Requirement
What is needed is an exact copy of the listing, with no pictures in it.

━━━ Extracted information ━━━

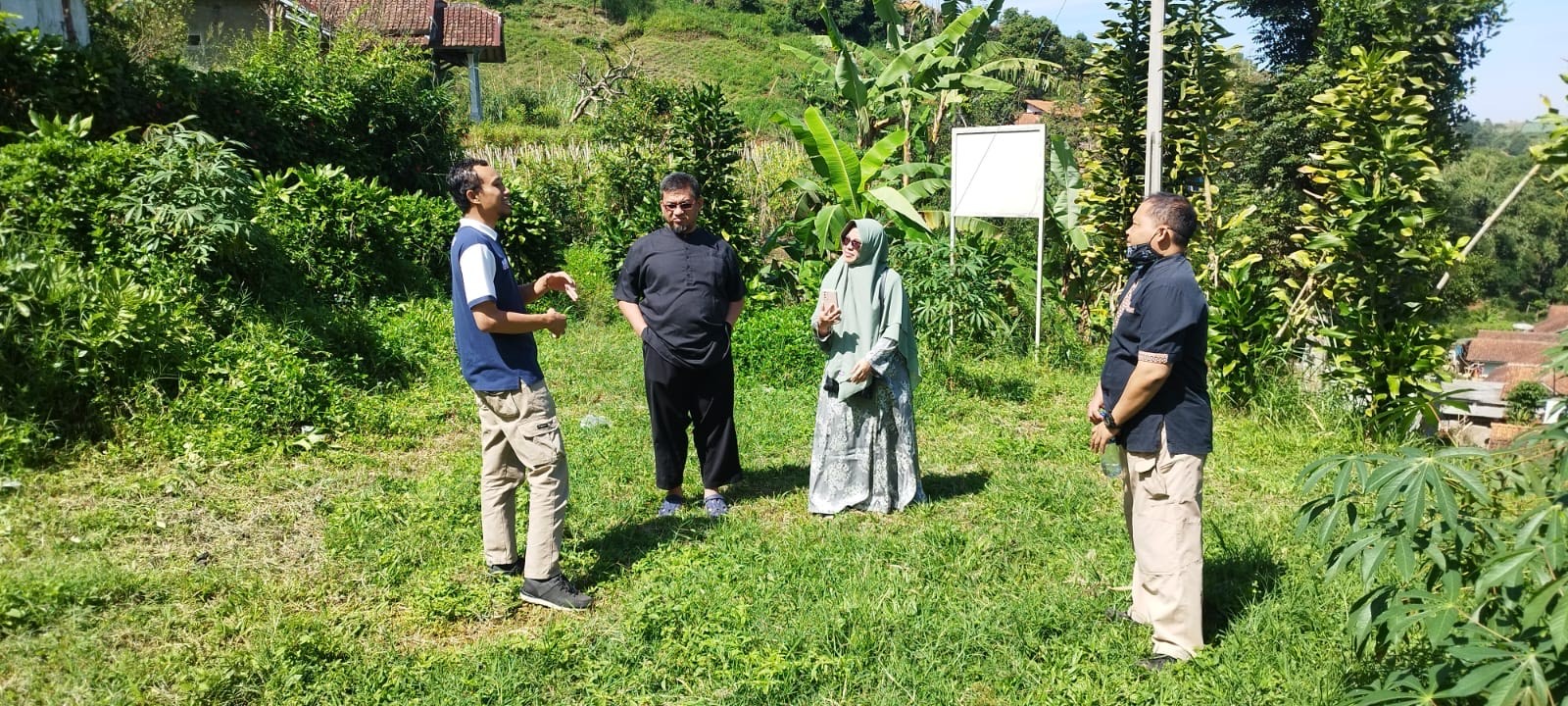 Wakaf Kebun Anggur Masjid Salman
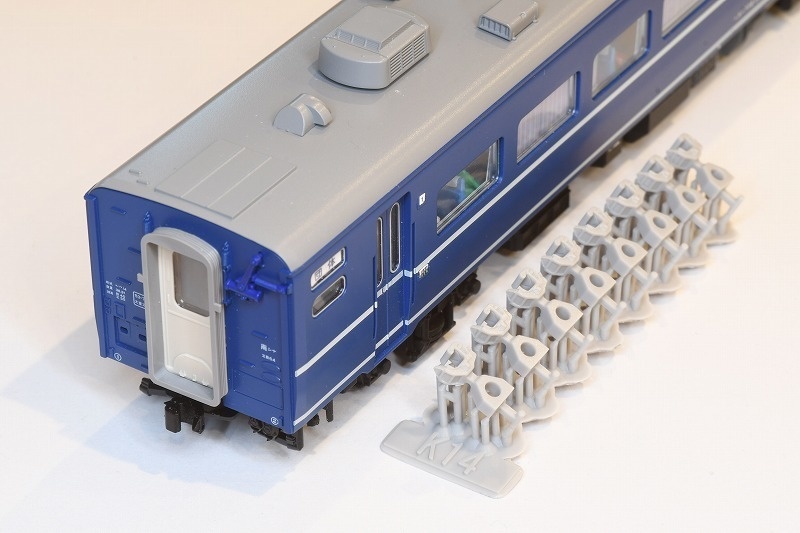 K社 HO 14系中間向け(密自連ダミーカプラー鑛)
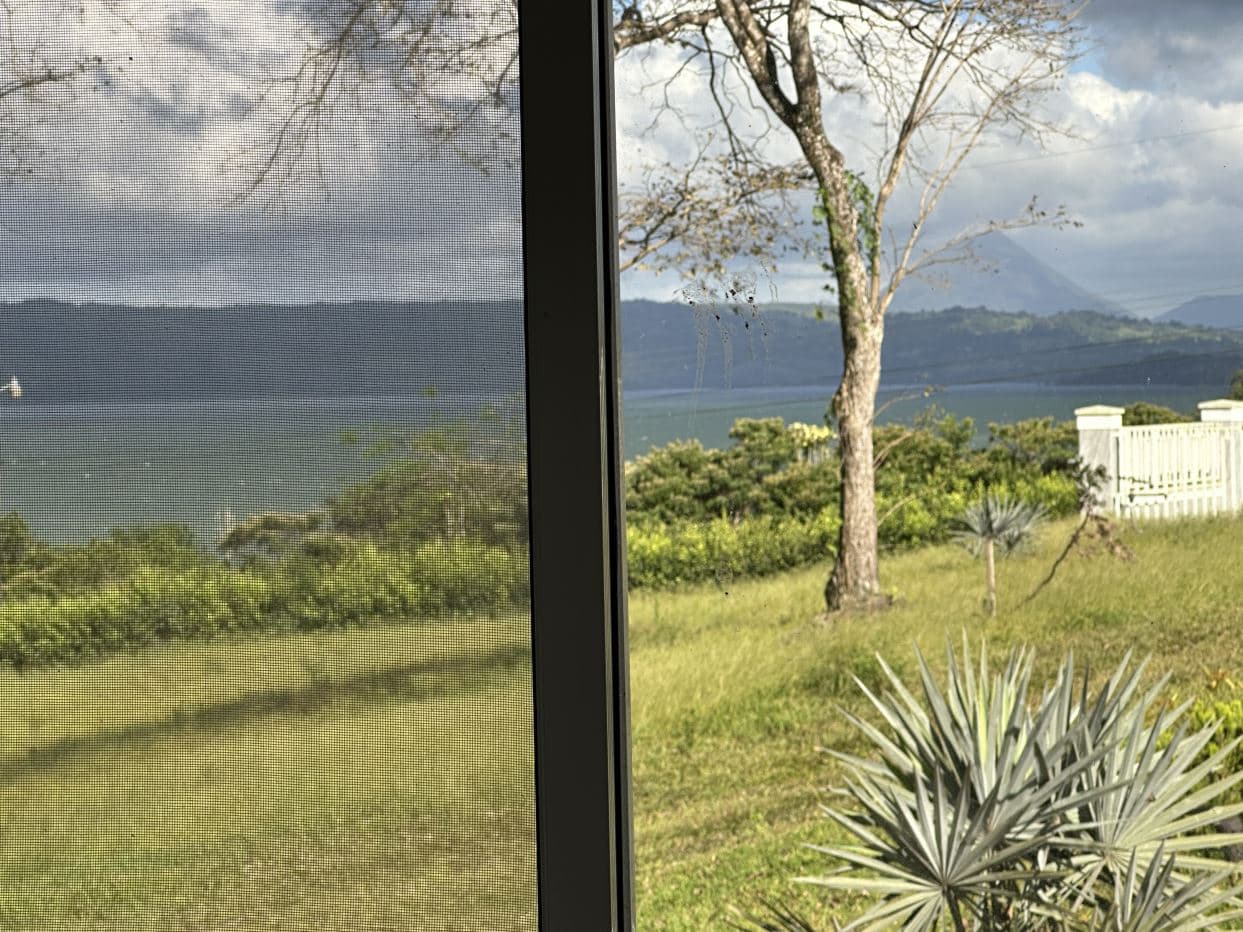 Luxury lakefront home, photo 14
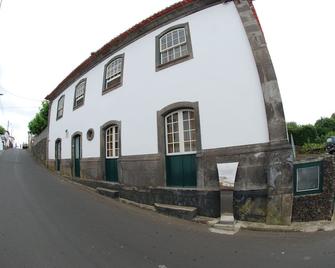 Space suitable for families, with gardens, vegetables and seasonal fruit - Praia da Vitoria - Edificio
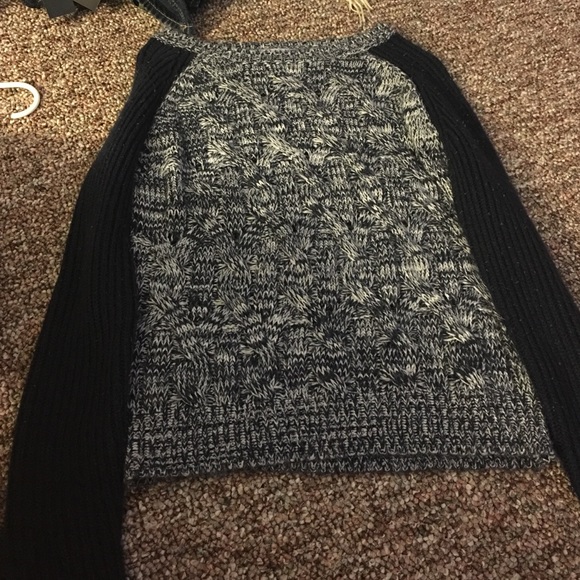 Sweater - Picture 2 of 3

━━━

Written reply
 Wakaf Kebun Anggur Masjid Salman
 K社 HO 14系中間向け(密自連ダミーカプラー鑛)
 Luxury lakefront home, photo 14
 Space suitable for families, with gardens, vegetables and seasonal fruit - Praia da Vitoria - Edificio
 Sweater - Picture 2 of 3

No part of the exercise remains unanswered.